Opinión | Con la lectura
Subdirectora de El Periódico
Carol Álvarez
Un hotel Cadogan para superar la pandemia
La lectura es una fuente de sensaciones que nos devuelven la humanidad como la teníamos entendida y ahora olvidamos en una niebla mental

Mujer en librería / Radu Marcusu/ Unsplash
Londres recupera su pulso poco a poco tras las duras restricciones que han afrontado en su lucha particular con el coronavirus. Pubs y tiendas han reabierto esta semana tras tres meses de cierrh, pero el shock sufrido aún tiene contra las cuerdas a muchos de sus negocios, sobre todo los relacionados con el turismo y los viajes. Al igual que en Barcelona, siguen con sus puertas cerradas muchos hoteles, entre ellos el mítico Hotel Cadogan, un 5 estrellas situado en knightsbridge y que pertenece a la rica familia Cadogan desde 1887. Que Oscar Wilde lo hiciera famoso tras atrincherarse en una de sus habitaciones para no ser detenido por su conducta homosexual, un delito total en aquellos tiempos, dio al exclusivo establecimiento una fama que aún perdura. Esa conexión con la literatura empapa sus ambientes, y dotado de una cuidada biblioteca, el hotel boutique ha presumido hasta ahora de garantizar una experiencia inolvidable. ¿Quién lo habitará, en estos días de cierre a cal y canto? Apenas llevaba reabierto unos meses, después de unas obras de mejora y ampliación de las instalaciones, cuando se desató la pandemia. Su exquisita biblioteca con aroma victoriano debe acumular polvo y soledad.
Los hoteles y la literatura o los libros han trazado grandes alianzas a prueba de catástrofes. La minúscula librería del hotel Casa Bonay, en la Gran Via, cerró también puertas en la pandemia y Blackie Books la mantiene aún cerrada, si no hace una excepción por Sant Jordi. Y aunque por estos lares no hay grandes bibliotecas en los hoteles, han sido escenario ideal para encuentros de periodistas con escritores, presentaciones de libros e incluso fiestas. ¿Alguien recuerda las fiestas?
Una biblioteca donde dormir
Para simbiosis a prueba de virus, la de la Gladstone Library, cerca de Chester, en el Reino Unido.

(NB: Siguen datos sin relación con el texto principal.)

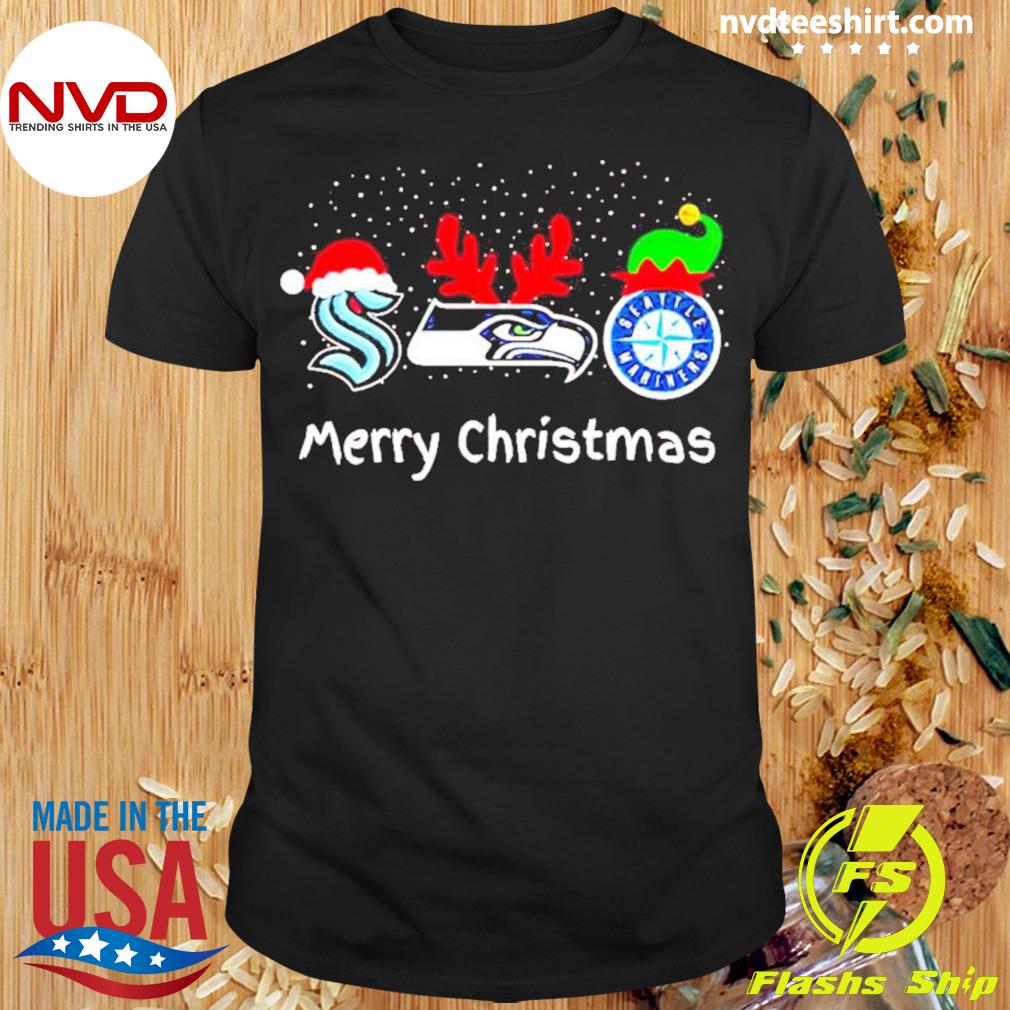 Seattle Sports Teams Santa Reindeer Elf Christmas Shirt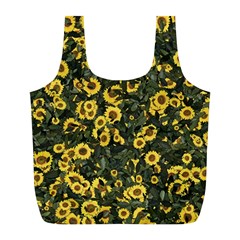 Sunflowers Yellow Flowers Flowers Digital Drawing Full Print Recycle Bag (l) by Simbadda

Biblioteca bucada en un edificio victoriano desde 1895, rodeada de jardines y un cementerio, con centenares de miles de volúmenes y servicio de préstamo al uso, los administradores habilitaron parte de sus aposentos como dormitorios y también abrieron un restaurante para dar servicio a los huéspedes. La pandemia también obligó a la Gladstone Library a cerrar puertas, pero gracias a una colecta -los amigos de la biblioteca-hotel pueden donar dinero a través de la iniciativa shelf covid recovery, una especie de "adopta una estantería", están en condiciones de reabrir el 1 de septiembre. Con cierto humor puramente británico, su guarda, Peter Francis, se felicitaba por aprovechar este largo cierre para hacer obras menores y, entre ellas, arreglar un desnivel en la recepción que había causado más de un tropiezo y también por actualizar su alarma de incendios, que estaba muy desfasada, lo que es de agradecer en un gran edificio de madera que cruje bajo los pasos.
El hotel de Olga Merino
El hotel Cadogan puede palpitar impaciente ante su futura reapertura, pero su alma sigue recibiendo visitas en el Cadogan de la escritora Olga Merino, un hotel imaginario pero a imagen y semejanza del que se levanta cerca de Sloane Street. Personajes literarios lo frecuentan y nos trasladan a un mundo sin covid, donde podemos soñar, y la lectura es una fuente de sensaciones que nos devuelven la humanidad como la teníamos entendida y ahora olvidamos en una niebla mental. Es el hotel Cadogan que nunca nos cerrará las puertas y que sigue ahí, a prueba de epidemias varias.